Menanggapi hal itu, Nina menegaskan, proses pengisian jabatan transparan melalui open bidding atau lelang jabatan sesuai persyaratan yang berlaku. ”Semua, kan, ada jenjang karier dan syaratnya. Tinggal diikuti saja,” ucapnya.
Nina menuturkan, larangan jual-beli jabatan merupakan wujud komitmennya mencegah korupsi di Indramayu. Apalagi, korupsi beberapa kali menjerat pejabat Indramayu.
Bekas Bupati Supendi, misalnya, ditangkap Komisi Pemberantasan Korupsi terkait proyek infrastruktur, pertengahan Oktober 2019. Ia menyusul Yance, Bupati Indramayu 2000-2010, yang terlibat perkara korupsi pembebasan lahan pembangkit tenaga uap di Desa Sumuradem, Kecamatan Sukra, tahun anggaran 2004. Negara merugi Rp 4,1 miliar akibat korupsi tersebut.

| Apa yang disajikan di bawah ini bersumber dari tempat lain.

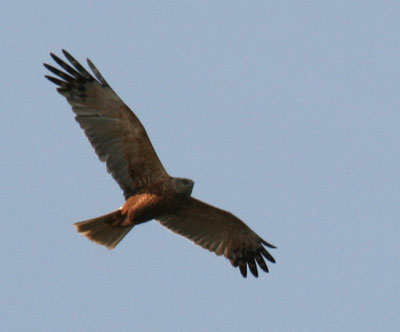 sysma-haukka.jpg sysma-haukka.jpg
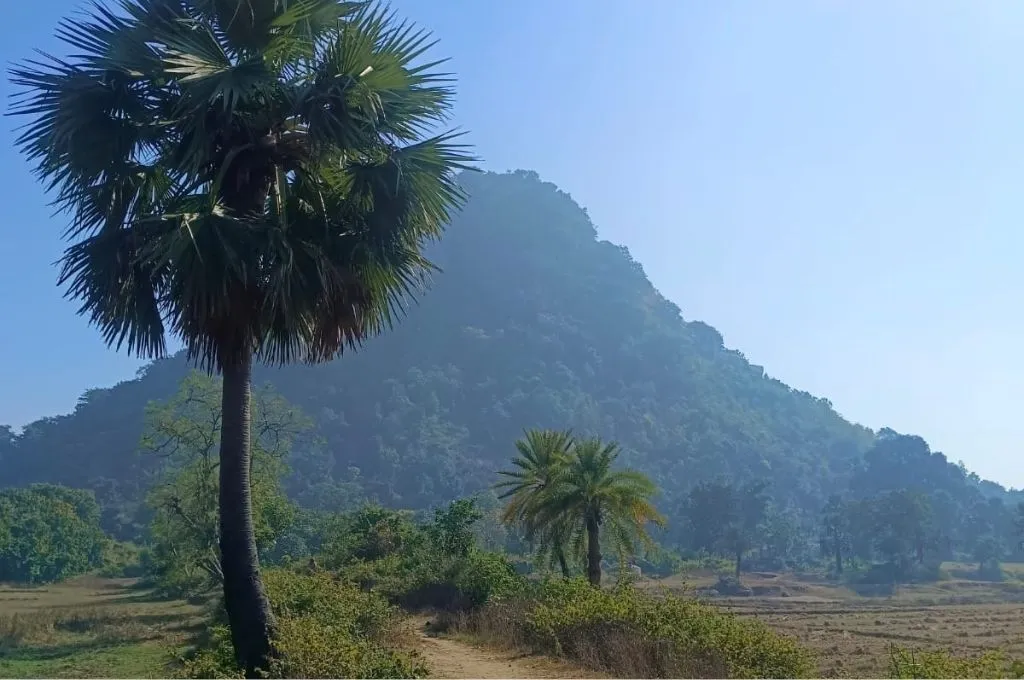 एक परिदृश्य जिसमें पहाड़, पेड़ और सड़क नजर आ रहे हैं_ताड़ी 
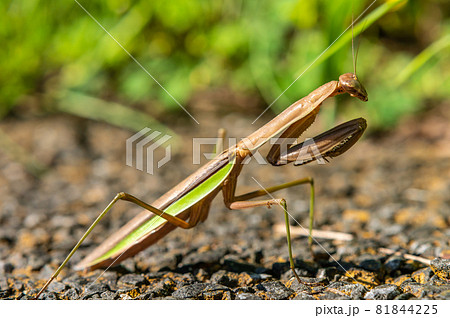 オオカマキリ 81844225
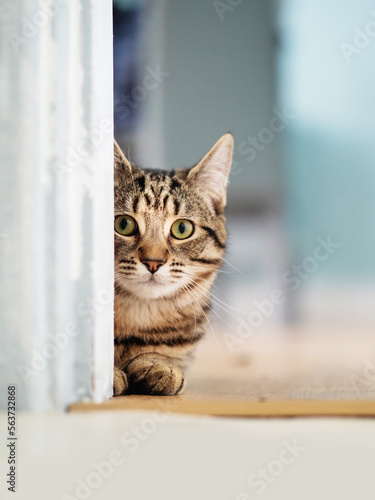 Cute tubby cat looking out behind door frame sitting on a yellow wooden flor. Selective focus.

Untuk itu, pemerintahan yang bersih harus dimulai dari proses rekrutmen pejabat hingga ke bawah yang bebas dari upeti. ”Dalam visi-misi, kami sudah tegas tidak bermain pada wilayah korupsi, baik menyangkut jual-beli jabatan maupun fee proyek,” kata Nina yang juga anak mantan Kepala Polri Jenderal (Purn) Da’i Bachtiar.